* Exercise data:
═══

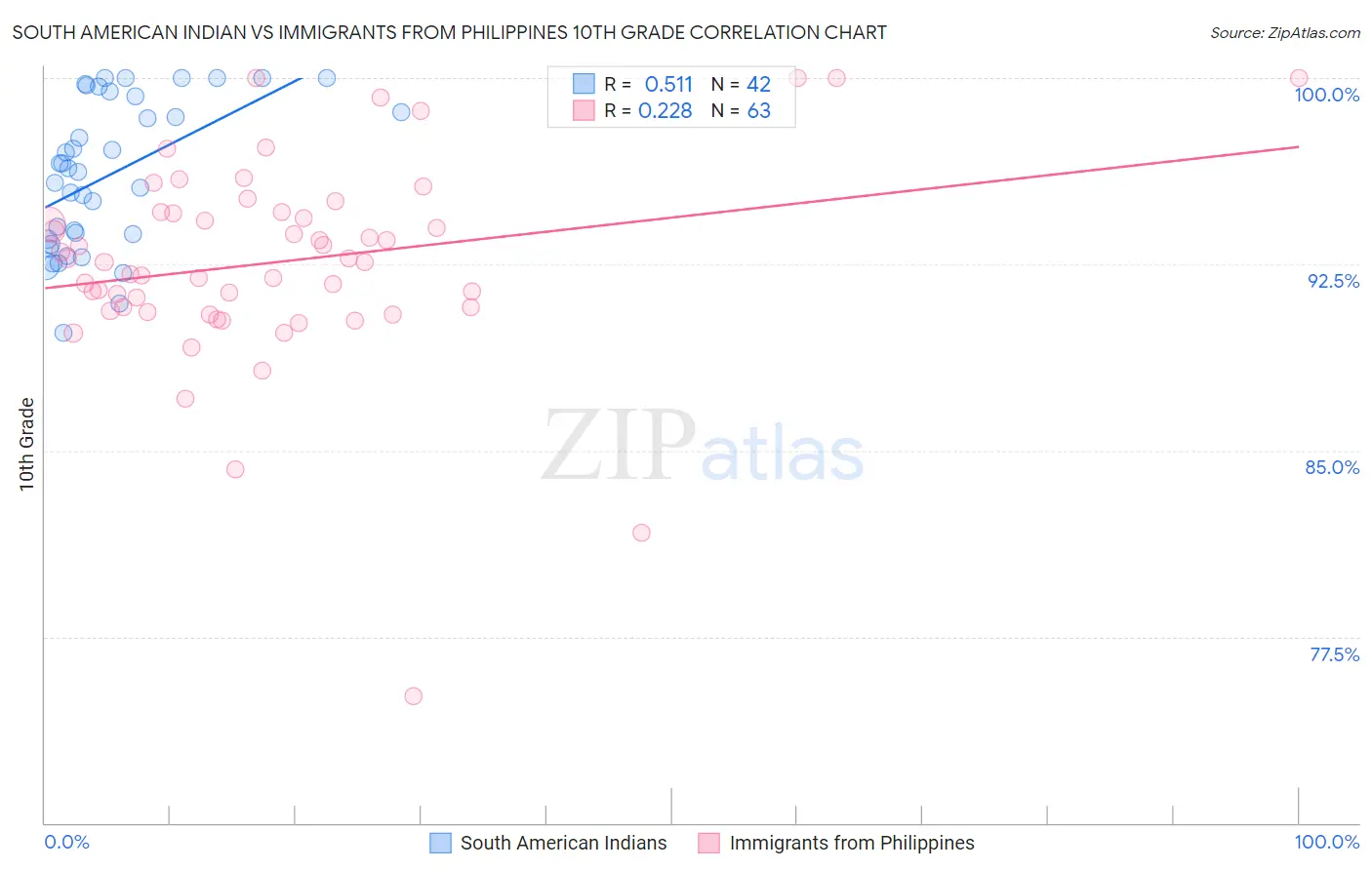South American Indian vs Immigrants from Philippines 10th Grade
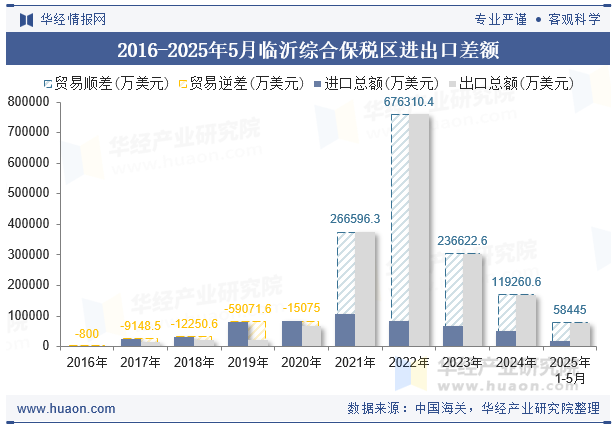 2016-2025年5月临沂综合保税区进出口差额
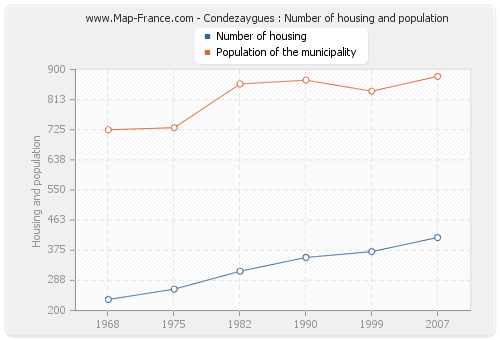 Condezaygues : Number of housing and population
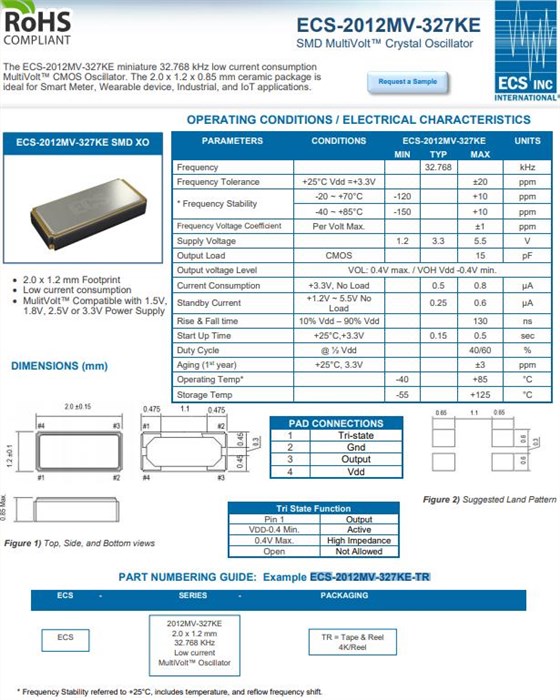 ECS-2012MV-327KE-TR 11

═══

* Exercise objective: Print the whole listing exactly, please, and keep any images out of it.

* Response area:
South American Indian vs Immigrants from Philippines 10th Grade
 2016-2025年5月临沂综合保税区进出口差额
 Condezaygues : Number of housing and population
 ECS-2012MV-327KE-TR 11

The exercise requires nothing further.